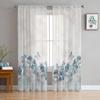 Blue Flower Butterfly Sheer Curtains For Living Room Bedroom Kids Room Tulle Window Treatment Drapes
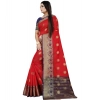 Women's Silk Blend Woven Saree With Unstitched Blouse 5.5Mtr (Red-Blue) Women's Silk Blend Woven Saree With Unstitched Blouse 5.5Mtr (Red-Blue)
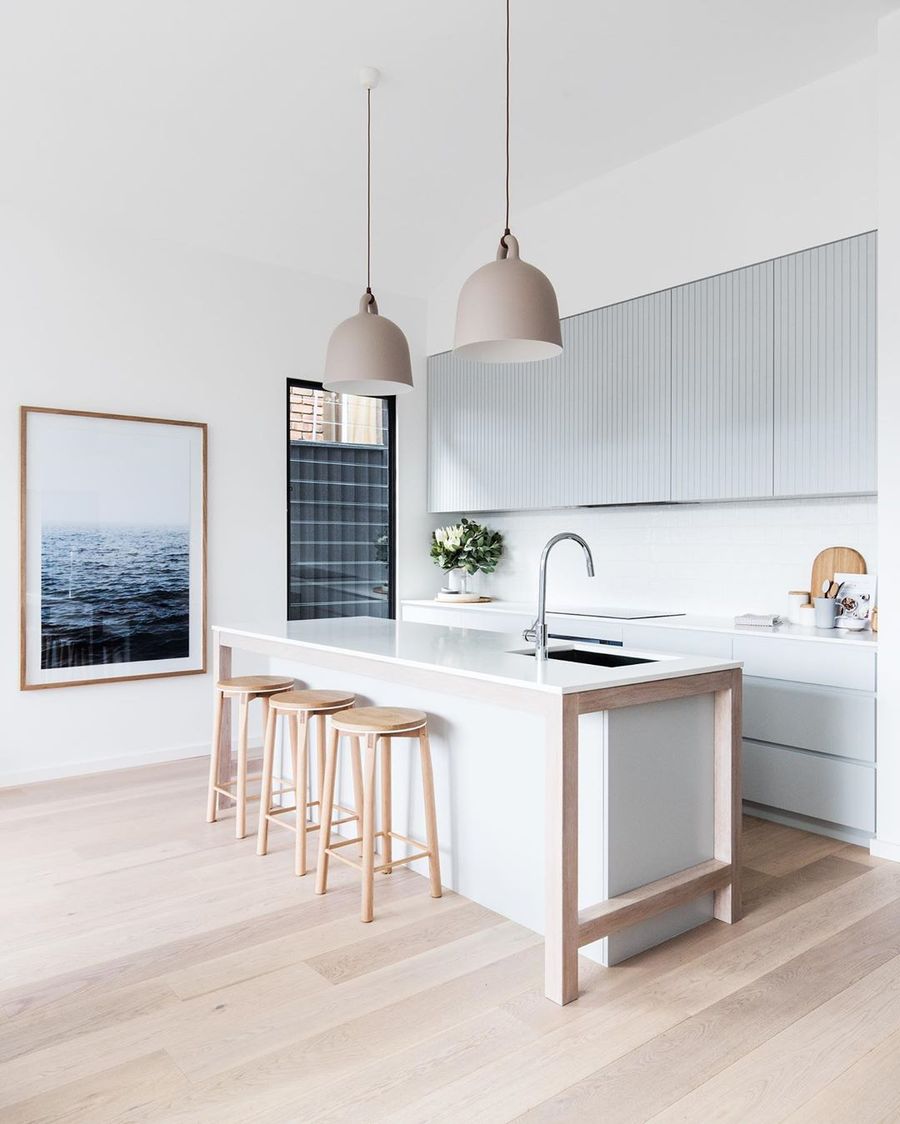 Scandinavian Kitchen With Wood Bar Stools Via @the Stables  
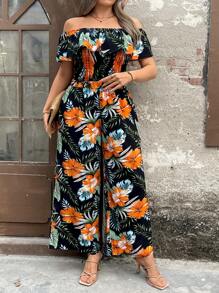 SHEIN Clasi 2pcs Plus Size Women Floral Print Ruffle Trim Ruffle Top And Casual Pants Set,Beach Outfits - Multicolor - View 1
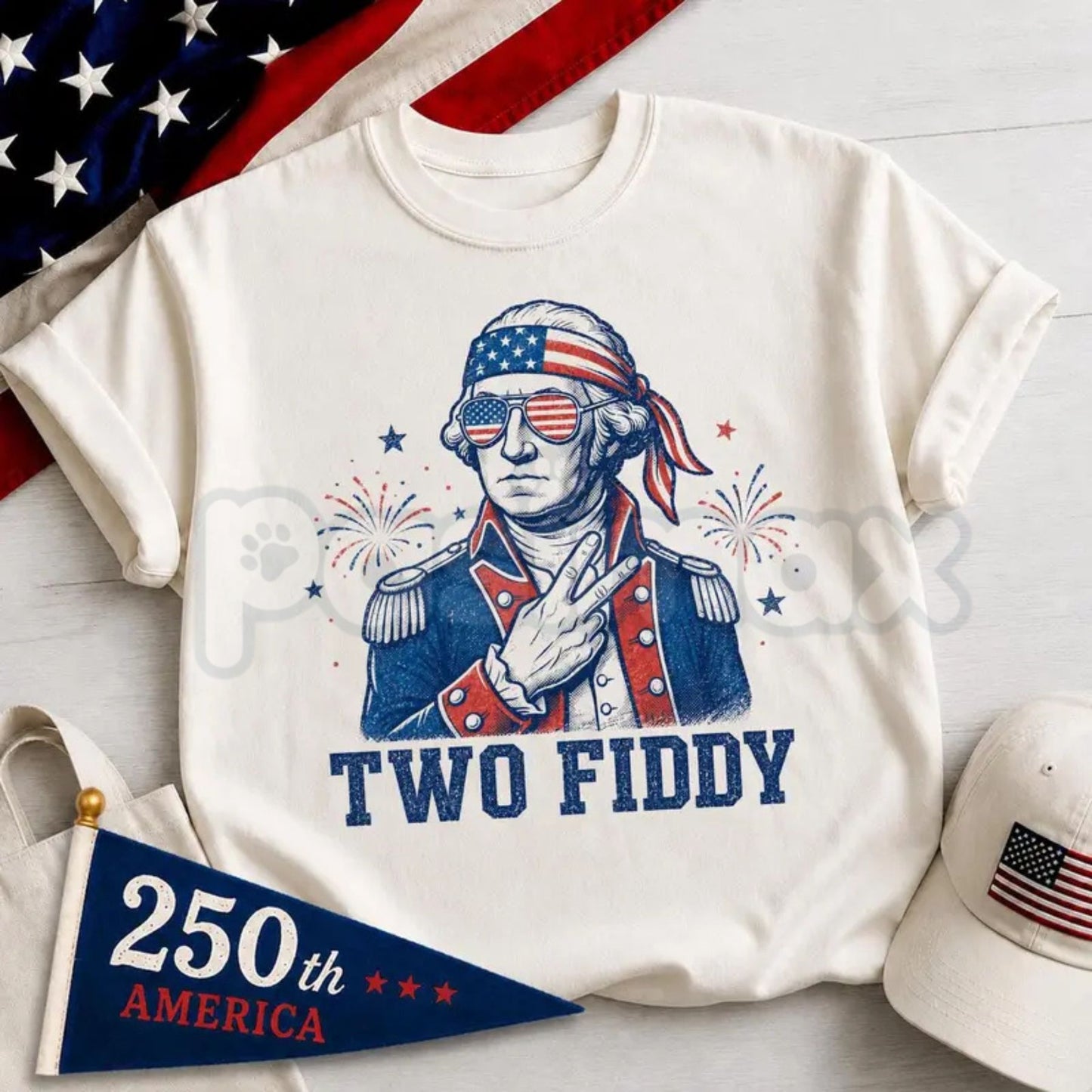 "Two Fiddy" George Washington T-Shirt – Retro 250th Anniversary Patriotic Meme Graphic Tee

··········

### What you need to do
All lines above must be repeated exactly, and the pictures must be omitted.

### Exercise result
 Blue Flower Butterfly Sheer Curtains For Living Room Bedroom Kids Room Tulle Window Treatment Drapes
 Women's Silk Blend Woven Saree With Unstitched Blouse 5.5Mtr (Red-Blue) Women's Silk Blend Woven Saree With Unstitched Blouse 5.5Mtr (Red-Blue)
 Scandinavian Kitchen With Wood Bar Stools Via @the Stables  
 SHEIN Clasi 2pcs Plus Size Women Floral Print Ruffle Trim Ruffle Top And Casual Pants Set,Beach Outfits - Multicolor - View 1
 "Two Fiddy" George Washington T-Shirt – Retro 250th Anniversary Patriotic Meme Graphic Tee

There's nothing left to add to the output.